D3 Calendar Visualizations

Posted in Javascript

permalink

Table of Contents



Starting example

Let's begin with a D3 example. Mike Bostock provided a Calendar View block illustrating how to draw a very interesting visualization of large amounts of data over time:

You might recognize this type of graph from Github, whose activity graph shows the same visualization.

The data shown in this example consists of several years of stock market data. It is a simple but very large data set, with each data poit consisting of one date and one number (the percentage gain or loss).
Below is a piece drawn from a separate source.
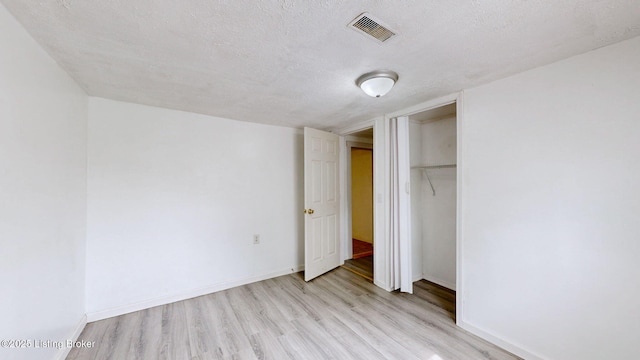 1117 6th St, Carrollton, KY 41008 - unfurnished bedroom featuring light wood finished floors, a textured ceiling, and a closet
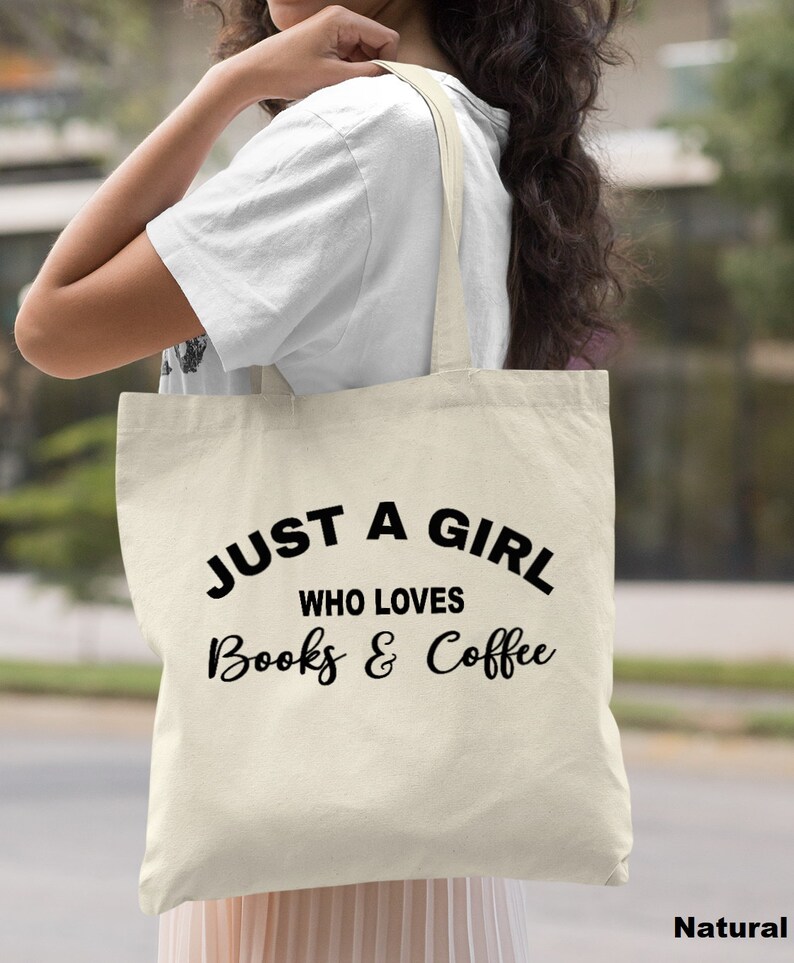 Puede incluir: Una bolsa de tela de lona natural con texto negro que dice "Just a girl who loves books & coffee".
The example also shows how to perform a simple calculation from multiple fields of the data to plot a derived quantity. In this case, the data consists of a high, low, and close, and the quantity being plotted is the percent change:

$$ \mbox{% Change} = \dfrac{\mbox{Close} - \mbox{Open} }{\mbox{Open}} $$

What needs to be changed

To change this calendar visualization to visualize our own data, we need to change two things:

  • The data set being visualized
  • The color map being used

We can leave the rest alone, or make small modifications as needed. Fortunately, these changes are straightforward to make for the calendar visualization.

Formatting the data

To modify the calendar graph for our own data, we'll output data as a time series: one column of date/time stamps, and another column of data to plot.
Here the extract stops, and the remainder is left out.